I have been looking for a group to hit the big water as well. Safety is paramount as the great lakes can be a dangerous beast at times. I'd be interested in shooting down the river or paddling Erie. A Saturday or Sunday on the water would be fantastic!


----------



## biglos (May 3, 2015)

I'm looking to hit the western basin tomorrow morning. Are there every any meetups or groups?


----------



## Wayne R (Oct 25, 2013)

I looked to see if there were any groups in the meetup app. I didn't see any, but we could probably start a kayak fishing addicts meetup group. The meetup app costs money but if anyone knows a free way to get a group I'd be interested.


----------



## M.Schmitz87 (Mar 12, 2013)

I'm in st.clair and just got into kayak fishing myself. So far I've tried the pine river and had a lot of fun. Next weekend I'm trying the st.clair river.


----------



## lostcajun (Jan 25, 2016)

Just getting back to checking this thread in a while. Curious to see if anyone has plans for tomorrow? Weather looks best then


----------



## JSBowman (Nov 17, 2013)

I have to work, so no fishing for me.


----------



## InsatiaBILL (Jun 28, 2016)

I just started myself. I've been going to Stoney Creek Metro park and will eventually hit the Clinton river and Lake St. Clair... I'm open to anywhere really. Fishing the Detroit River is intriguing...


----------



## Wayne R (Oct 25, 2013)

It is probable I will be fishing Union Lake today. If anyone else is interested feel free to message me. It won't be till after I get off of work though


----------



## Gatorman (May 29, 2010)

Wayne R said:


> It is probable I will be fishing Union Lake today. If anyone else is interested feel free to message me. It won't be till after I get off of work though


Hi Wayne, Do you fish the local lakes allot? I'm from union lake area and fish union lake and wolverine
lake. lately the pike fishing in wolverine lake has been good.
Mark


----------



## Wayne R (Oct 25, 2013)

I do fish locally a lot. I've only hit union twice this year and I do like wolverine. I've been hitting up a bunch of different lakes in the area.


----------



## Gatorman (May 29, 2010)

Wayne R said:


> I do fish locally a lot. I've only hit union twice this year and I do like wolverine. I've been hitting up a bunch of different lakes in the area.
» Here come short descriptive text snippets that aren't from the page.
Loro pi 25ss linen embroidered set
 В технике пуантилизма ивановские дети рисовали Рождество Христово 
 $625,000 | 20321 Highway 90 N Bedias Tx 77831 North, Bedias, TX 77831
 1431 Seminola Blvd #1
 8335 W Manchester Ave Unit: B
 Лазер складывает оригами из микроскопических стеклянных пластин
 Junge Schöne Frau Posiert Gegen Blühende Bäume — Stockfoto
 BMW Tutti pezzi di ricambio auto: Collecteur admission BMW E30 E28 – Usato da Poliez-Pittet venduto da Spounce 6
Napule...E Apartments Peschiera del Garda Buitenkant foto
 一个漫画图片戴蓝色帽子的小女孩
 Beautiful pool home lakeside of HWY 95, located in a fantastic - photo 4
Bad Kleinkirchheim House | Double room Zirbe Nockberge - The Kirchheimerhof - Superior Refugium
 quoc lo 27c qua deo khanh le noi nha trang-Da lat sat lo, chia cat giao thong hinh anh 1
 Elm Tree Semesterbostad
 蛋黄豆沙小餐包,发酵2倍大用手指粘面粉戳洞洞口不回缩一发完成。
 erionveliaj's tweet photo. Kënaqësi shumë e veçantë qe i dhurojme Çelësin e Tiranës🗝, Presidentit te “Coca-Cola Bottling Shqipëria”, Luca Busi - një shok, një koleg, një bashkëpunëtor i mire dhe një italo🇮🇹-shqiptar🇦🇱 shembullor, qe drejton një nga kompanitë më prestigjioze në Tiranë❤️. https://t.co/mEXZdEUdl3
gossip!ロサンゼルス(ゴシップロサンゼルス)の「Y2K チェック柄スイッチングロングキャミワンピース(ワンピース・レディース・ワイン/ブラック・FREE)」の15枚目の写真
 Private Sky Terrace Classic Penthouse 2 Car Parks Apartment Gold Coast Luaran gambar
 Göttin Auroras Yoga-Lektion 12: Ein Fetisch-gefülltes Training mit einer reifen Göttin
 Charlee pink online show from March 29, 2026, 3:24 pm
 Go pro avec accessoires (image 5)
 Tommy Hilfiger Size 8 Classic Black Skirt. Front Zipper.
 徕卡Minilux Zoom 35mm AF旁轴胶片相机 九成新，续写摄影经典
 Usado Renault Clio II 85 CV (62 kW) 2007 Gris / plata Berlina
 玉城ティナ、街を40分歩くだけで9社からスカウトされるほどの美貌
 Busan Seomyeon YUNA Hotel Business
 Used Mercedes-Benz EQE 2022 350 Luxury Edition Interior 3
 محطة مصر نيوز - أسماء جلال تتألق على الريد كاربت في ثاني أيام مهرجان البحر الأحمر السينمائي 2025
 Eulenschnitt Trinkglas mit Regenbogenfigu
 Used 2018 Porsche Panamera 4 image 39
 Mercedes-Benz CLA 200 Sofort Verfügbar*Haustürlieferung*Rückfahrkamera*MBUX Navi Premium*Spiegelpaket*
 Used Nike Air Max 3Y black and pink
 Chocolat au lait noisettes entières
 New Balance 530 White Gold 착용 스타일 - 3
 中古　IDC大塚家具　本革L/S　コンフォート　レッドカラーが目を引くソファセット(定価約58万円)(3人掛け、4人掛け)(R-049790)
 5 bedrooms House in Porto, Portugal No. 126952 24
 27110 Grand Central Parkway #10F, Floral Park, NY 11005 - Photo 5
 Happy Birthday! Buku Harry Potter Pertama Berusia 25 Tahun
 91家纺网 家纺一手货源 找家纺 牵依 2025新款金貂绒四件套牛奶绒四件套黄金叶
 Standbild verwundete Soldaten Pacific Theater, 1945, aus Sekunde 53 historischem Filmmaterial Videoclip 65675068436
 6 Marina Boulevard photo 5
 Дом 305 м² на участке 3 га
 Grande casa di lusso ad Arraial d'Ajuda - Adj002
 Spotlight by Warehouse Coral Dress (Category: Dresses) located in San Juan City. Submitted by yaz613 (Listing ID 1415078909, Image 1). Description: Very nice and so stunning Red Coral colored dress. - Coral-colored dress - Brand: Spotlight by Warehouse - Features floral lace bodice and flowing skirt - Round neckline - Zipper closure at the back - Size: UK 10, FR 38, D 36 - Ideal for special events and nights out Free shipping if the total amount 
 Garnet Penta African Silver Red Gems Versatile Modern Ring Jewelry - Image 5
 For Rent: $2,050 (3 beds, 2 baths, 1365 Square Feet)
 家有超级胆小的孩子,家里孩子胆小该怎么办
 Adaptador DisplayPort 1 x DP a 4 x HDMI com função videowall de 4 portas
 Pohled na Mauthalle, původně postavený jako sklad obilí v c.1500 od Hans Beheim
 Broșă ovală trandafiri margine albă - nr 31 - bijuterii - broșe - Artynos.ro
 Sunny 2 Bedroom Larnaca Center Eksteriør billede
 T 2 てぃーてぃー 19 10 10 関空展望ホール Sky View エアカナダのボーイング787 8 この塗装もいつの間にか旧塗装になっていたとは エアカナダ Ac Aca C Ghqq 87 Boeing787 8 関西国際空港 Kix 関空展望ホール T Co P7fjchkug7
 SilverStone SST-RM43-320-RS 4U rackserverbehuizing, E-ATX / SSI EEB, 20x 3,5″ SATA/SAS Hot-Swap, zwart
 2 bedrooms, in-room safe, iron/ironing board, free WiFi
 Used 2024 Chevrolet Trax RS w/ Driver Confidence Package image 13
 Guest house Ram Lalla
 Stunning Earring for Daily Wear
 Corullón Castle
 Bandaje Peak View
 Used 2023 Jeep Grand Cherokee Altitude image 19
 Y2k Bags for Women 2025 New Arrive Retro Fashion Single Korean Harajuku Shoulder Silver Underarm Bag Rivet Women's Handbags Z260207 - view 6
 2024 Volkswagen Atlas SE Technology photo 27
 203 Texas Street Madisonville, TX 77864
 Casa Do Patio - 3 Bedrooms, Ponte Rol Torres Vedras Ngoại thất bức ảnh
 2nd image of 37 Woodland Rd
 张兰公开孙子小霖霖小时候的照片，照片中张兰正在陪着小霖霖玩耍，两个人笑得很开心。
What kinds of fish do you target? I'm looking for some good walleye lakes


----------



## Wayne R (Oct 25, 2013)

I mainly target bass and gills so I'm not really "in the know" for walleye around here. If I were to target walleye I'd probably hit up Cass lake and maceday. They're decent size fisheries with some depth and a wide variety of species and forage.


----------



## Gatorman (May 29, 2010)

Wayne R said:


> I mainly target bass and gills so I'm not really "in the know" for walleye around here. If I were to target walleye I'd probably hit up Cass lake and maceday. They're decent size fisheries with some depth and a wide variety of species and forage.


If you ever need someone to go kayak fishing with let me know.


----------